We thank the reviewer for their useful feedback. They recognize the novel approach of using zigzag persistence in the context of interpretability of NNs and the clarity of presentation. Additionally, they raise a few points which we address element-wise below:

Claim of “Identification of Phases of Prompt processing” is too broad - prompts can’t be truly represented with only one token (as it is done in the paper).

While we agree with the referee that an analysis of whole sentences would allow for finer-grained information about phases, we chose to simplify the analysis computationally by adopting the common practice in studies of the geometry of representations of looking at the last token only.

Why was used sliding window of 5, why no other sizes were reported?

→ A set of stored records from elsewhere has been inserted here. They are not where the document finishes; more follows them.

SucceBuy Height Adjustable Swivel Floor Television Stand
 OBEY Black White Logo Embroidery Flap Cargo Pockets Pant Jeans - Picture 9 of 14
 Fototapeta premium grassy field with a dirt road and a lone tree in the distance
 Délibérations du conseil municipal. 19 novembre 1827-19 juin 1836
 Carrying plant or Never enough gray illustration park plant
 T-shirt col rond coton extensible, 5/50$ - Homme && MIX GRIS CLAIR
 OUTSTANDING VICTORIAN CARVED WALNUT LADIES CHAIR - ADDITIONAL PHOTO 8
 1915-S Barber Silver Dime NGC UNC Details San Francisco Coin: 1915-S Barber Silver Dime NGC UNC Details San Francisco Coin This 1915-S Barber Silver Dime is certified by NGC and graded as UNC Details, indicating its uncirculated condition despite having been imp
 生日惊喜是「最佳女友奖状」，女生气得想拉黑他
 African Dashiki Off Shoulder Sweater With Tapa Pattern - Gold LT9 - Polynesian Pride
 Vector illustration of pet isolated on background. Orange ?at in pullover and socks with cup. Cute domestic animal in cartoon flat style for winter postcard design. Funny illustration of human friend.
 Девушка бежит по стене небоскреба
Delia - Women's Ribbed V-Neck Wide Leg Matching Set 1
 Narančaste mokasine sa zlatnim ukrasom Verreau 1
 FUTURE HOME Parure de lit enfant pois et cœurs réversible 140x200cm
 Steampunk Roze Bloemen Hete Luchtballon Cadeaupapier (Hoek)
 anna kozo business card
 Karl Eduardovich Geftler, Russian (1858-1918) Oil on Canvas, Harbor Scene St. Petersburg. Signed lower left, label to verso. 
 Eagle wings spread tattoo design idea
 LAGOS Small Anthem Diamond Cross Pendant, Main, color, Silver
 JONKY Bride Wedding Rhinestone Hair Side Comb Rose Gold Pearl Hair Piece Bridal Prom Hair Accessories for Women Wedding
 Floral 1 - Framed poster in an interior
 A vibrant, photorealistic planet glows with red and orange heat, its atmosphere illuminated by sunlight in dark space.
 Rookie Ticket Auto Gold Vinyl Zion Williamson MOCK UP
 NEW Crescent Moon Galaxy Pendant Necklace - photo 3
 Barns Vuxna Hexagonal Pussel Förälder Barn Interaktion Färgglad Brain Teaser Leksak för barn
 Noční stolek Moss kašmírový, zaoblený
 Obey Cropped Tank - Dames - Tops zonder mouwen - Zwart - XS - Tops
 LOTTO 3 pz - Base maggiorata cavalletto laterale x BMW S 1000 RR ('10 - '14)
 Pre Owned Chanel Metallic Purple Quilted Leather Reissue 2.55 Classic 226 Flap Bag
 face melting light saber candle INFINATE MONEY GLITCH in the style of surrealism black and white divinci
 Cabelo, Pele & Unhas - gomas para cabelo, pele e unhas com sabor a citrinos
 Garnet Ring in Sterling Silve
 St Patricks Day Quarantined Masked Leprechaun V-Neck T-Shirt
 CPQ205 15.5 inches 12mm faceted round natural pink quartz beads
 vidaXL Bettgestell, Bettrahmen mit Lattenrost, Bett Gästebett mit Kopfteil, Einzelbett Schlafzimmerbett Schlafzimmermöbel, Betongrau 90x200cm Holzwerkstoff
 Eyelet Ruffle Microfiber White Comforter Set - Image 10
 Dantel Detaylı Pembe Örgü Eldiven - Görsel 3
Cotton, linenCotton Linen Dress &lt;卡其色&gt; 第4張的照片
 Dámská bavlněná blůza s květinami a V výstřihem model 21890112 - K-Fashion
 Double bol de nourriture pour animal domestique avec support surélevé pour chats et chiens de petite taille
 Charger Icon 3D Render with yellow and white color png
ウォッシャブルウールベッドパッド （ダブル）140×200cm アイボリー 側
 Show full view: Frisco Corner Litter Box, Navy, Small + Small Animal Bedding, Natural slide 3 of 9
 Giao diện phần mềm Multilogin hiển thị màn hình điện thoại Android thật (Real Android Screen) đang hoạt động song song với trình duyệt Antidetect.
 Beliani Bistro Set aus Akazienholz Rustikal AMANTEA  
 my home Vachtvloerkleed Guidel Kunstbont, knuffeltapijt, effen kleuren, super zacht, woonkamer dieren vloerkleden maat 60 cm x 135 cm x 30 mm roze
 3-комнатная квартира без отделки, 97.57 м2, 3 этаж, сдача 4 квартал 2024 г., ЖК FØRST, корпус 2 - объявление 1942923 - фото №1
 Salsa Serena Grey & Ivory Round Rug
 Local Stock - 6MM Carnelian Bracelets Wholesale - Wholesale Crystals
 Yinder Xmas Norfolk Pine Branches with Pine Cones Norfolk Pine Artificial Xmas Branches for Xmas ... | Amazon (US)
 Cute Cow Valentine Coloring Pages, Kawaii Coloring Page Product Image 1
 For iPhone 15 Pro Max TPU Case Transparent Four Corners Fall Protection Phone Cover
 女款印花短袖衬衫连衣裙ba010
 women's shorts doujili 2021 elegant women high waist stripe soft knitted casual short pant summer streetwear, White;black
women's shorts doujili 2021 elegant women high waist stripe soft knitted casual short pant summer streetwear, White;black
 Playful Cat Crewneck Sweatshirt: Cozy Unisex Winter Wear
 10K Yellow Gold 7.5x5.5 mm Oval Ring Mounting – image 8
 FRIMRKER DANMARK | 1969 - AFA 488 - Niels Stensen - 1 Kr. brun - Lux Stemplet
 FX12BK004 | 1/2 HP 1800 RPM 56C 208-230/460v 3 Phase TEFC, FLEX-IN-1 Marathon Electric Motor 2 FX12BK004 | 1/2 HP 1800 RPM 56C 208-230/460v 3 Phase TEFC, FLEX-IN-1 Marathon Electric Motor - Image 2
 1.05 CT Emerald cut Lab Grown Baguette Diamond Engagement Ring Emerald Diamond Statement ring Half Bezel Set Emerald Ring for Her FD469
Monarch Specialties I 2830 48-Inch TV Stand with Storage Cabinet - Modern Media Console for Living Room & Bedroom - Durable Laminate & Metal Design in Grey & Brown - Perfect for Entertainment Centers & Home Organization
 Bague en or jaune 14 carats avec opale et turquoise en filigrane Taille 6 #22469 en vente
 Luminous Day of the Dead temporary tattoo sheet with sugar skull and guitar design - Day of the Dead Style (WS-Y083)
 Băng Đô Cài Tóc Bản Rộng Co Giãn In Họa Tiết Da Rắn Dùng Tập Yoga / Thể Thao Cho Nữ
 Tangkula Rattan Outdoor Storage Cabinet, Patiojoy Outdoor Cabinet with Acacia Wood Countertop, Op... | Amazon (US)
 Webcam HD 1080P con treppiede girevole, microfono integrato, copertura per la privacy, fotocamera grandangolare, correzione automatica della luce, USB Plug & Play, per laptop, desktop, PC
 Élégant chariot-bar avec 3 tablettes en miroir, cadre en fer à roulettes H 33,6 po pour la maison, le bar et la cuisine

Figure 15 shows the analysis for different sliding windows, which we use to zoom in on a phase in which accuracy drops significantly. In other ranges, the size of the window would not change results significantly, if kept small enough.

Is there any difference (in terms of identified 4 phases) for encoder-only models (in the paper only decoder models are covered)?

We believe that a difference might indeed be seen for encoder-only models. For those models, considering the last token as a proxy for the whole sentence would not be correct. Along these lines, previous studies of protein language models (see e.g. Valeriani et al. 2023) have considered averaging over tokens. We deserve these studies to future work.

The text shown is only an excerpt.